_WHAT THIS TASK INVOLVES_
Repeat the entries exactly as they are written.

_INPUT DATA_
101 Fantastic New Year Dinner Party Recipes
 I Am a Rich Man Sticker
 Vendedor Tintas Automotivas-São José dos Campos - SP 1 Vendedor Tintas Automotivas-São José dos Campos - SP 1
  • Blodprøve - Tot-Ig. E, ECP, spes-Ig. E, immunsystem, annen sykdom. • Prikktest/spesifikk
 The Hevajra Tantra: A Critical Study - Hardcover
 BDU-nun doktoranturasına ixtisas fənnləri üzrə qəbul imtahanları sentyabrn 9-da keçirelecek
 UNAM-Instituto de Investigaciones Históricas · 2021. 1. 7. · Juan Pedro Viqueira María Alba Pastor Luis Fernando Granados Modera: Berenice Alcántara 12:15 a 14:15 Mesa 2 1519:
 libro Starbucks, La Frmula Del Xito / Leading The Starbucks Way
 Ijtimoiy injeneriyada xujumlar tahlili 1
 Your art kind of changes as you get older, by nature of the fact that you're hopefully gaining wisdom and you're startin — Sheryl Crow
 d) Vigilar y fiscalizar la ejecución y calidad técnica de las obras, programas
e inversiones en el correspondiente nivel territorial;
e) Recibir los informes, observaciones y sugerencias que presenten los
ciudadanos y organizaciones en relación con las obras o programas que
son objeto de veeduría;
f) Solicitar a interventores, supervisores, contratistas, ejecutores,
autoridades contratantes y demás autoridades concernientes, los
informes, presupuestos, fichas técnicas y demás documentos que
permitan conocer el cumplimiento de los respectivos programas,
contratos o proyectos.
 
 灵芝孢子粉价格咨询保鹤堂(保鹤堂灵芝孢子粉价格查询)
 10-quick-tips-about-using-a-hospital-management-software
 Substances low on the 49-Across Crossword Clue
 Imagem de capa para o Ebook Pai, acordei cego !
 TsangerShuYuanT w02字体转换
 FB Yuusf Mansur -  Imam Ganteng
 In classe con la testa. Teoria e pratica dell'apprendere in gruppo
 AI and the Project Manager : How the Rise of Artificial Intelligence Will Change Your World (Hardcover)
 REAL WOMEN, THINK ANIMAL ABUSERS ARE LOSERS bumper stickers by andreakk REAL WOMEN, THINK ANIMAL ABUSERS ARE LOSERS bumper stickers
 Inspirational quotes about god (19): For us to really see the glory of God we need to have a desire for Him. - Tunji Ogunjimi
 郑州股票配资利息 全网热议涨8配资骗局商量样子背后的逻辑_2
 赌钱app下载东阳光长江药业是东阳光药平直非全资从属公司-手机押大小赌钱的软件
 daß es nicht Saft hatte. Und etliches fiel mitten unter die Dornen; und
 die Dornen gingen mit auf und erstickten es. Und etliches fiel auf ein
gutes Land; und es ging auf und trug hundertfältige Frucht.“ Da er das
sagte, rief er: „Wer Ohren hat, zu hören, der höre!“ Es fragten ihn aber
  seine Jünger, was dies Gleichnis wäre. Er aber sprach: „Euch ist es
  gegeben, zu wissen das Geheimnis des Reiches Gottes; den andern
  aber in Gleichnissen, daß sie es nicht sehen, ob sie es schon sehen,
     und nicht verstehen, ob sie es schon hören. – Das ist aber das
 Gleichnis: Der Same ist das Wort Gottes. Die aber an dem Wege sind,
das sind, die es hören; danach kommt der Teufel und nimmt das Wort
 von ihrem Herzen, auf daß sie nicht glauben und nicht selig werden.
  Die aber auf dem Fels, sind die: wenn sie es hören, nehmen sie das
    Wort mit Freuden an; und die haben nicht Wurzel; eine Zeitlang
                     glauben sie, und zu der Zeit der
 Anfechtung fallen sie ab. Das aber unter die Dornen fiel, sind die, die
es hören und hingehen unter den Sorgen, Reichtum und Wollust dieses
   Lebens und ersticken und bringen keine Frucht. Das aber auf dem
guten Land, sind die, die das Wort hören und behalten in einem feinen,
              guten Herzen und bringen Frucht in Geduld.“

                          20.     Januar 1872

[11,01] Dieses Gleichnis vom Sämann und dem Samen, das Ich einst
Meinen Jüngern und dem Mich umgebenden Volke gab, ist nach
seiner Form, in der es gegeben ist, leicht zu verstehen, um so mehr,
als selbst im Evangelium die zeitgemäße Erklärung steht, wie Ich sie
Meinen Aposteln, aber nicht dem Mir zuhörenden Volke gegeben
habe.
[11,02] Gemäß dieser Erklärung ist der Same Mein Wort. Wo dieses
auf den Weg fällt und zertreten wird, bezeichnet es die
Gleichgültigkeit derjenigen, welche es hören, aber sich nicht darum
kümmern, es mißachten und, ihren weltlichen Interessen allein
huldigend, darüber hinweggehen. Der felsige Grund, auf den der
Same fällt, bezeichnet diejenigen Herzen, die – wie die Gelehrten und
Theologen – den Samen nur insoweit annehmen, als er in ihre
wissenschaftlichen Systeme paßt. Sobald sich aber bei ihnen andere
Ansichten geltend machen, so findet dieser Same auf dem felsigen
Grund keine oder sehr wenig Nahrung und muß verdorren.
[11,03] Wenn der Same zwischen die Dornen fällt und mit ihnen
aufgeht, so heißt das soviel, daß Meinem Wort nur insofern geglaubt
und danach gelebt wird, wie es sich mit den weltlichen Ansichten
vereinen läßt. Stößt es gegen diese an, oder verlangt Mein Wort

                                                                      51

_WRITTEN RESPONSE_
101 Fantastic New Year Dinner Party Recipes
 I Am a Rich Man Sticker
 Vendedor Tintas Automotivas-São José dos Campos - SP 1 Vendedor Tintas Automotivas-São José dos Campos - SP 1
  • Blodprøve - Tot-Ig. E, ECP, spes-Ig. E, immunsystem, annen sykdom. • Prikktest/spesifikk
 The Hevajra Tantra: A Critical Study - Hardcover
 BDU-nun doktoranturasına ixtisas fənnləri üzrə qəbul imtahanları sentyabrn 9-da keçirelecek
 UNAM-Instituto de Investigaciones Históricas · 2021. 1. 7. · Juan Pedro Viqueira María Alba Pastor Luis Fernando Granados Modera: Berenice Alcántara 12:15 a 14:15 Mesa 2 1519:
 libro Starbucks, La Frmula Del Xito / Leading The Starbucks Way
 Ijtimoiy injeneriyada xujumlar tahlili 1
 Your art kind of changes as you get older, by nature of the fact that you're hopefully gaining wisdom and you're startin — Sheryl Crow
 d) Vigilar y fiscalizar la ejecución y calidad técnica de las obras, programas
e inversiones en el correspondiente nivel territorial;
e) Recibir los informes, observaciones y sugerencias que presenten los
ciudadanos y organizaciones en relación con las obras o programas que
son objeto de veeduría;
f) Solicitar a interventores, supervisores, contratistas, ejecutores,
autoridades contratantes y demás autoridades concernientes, los
informes, presupuestos, fichas técnicas y demás documentos que
permitan conocer el cumplimiento de los respectivos programas,
contratos o proyectos.
 
 灵芝孢子粉价格咨询保鹤堂(保鹤堂灵芝孢子粉价格查询)
 10-quick-tips-about-using-a-hospital-management-software
 Substances low on the 49-Across Crossword Clue
 Imagem de capa para o Ebook Pai, acordei cego !
 TsangerShuYuanT w02字体转换
 FB Yuusf Mansur -  Imam Ganteng
 In classe con la testa. Teoria e pratica dell'apprendere in gruppo
 AI and the Project Manager : How the Rise of Artificial Intelligence Will Change Your World (Hardcover)
 REAL WOMEN, THINK ANIMAL ABUSERS ARE LOSERS bumper stickers by andreakk REAL WOMEN, THINK ANIMAL ABUSERS ARE LOSERS bumper stickers
 Inspirational quotes about god (19): For us to really see the glory of God we need to have a desire for Him. - Tunji Ogunjimi
 郑州股票配资利息 全网热议涨8配资骗局商量样子背后的逻辑_2
 赌钱app下载东阳光长江药业是东阳光药平直非全资从属公司-手机押大小赌钱的软件
 daß es nicht Saft hatte. Und etliches fiel mitten unter die Dornen; und
 die Dornen gingen mit auf und erstickten es. Und etliches fiel auf ein
gutes Land; und es ging auf und trug hundertfältige Frucht.“ Da er das
sagte, rief er: „Wer Ohren hat, zu hören, der höre!“ Es fragten ihn aber
  seine Jünger, was dies Gleichnis wäre. Er aber sprach: „Euch ist es
  gegeben, zu wissen das Geheimnis des Reiches Gottes; den andern
  aber in Gleichnissen, daß sie es nicht sehen, ob sie es schon sehen,
     und nicht verstehen, ob sie es schon hören. – Das ist aber das
 Gleichnis: Der Same ist das Wort Gottes. Die aber an dem Wege sind,
das sind, die es hören; danach kommt der Teufel und nimmt das Wort
 von ihrem Herzen, auf daß sie nicht glauben und nicht selig werden.
  Die aber auf dem Fels, sind die: wenn sie es hören, nehmen sie das
    Wort mit Freuden an; und die haben nicht Wurzel; eine Zeitlang
                     glauben sie, und zu der Zeit der
 Anfechtung fallen sie ab. Das aber unter die Dornen fiel, sind die, die
es hören und hingehen unter den Sorgen, Reichtum und Wollust dieses
   Lebens und ersticken und bringen keine Frucht. Das aber auf dem
guten Land, sind die, die das Wort hören und behalten in einem feinen,
              guten Herzen und bringen Frucht in Geduld.“

                          20.     Januar 1872

[11,01] Dieses Gleichnis vom Sämann und dem Samen, das Ich einst
Meinen Jüngern und dem Mich umgebenden Volke gab, ist nach
seiner Form, in der es gegeben ist, leicht zu verstehen, um so mehr,
als selbst im Evangelium die zeitgemäße Erklärung steht, wie Ich sie
Meinen Aposteln, aber nicht dem Mir zuhörenden Volke gegeben
habe.
[11,02] Gemäß dieser Erklärung ist der Same Mein Wort. Wo dieses
auf den Weg fällt und zertreten wird, bezeichnet es die
Gleichgültigkeit derjenigen, welche es hören, aber sich nicht darum
kümmern, es mißachten und, ihren weltlichen Interessen allein
huldigend, darüber hinweggehen. Der felsige Grund, auf den der
Same fällt, bezeichnet diejenigen Herzen, die – wie die Gelehrten und
Theologen – den Samen nur insoweit annehmen, als er in ihre
wissenschaftlichen Systeme paßt. Sobald sich aber bei ihnen andere
Ansichten geltend machen, so findet dieser Same auf dem felsigen
Grund keine oder sehr wenig Nahrung und muß verdorren.
[11,03] Wenn der Same zwischen die Dornen fällt und mit ihnen
aufgeht, so heißt das soviel, daß Meinem Wort nur insofern geglaubt
und danach gelebt wird, wie es sich mit den weltlichen Ansichten
vereinen läßt. Stößt es gegen diese an, oder verlangt Mein Wort

                                                                      51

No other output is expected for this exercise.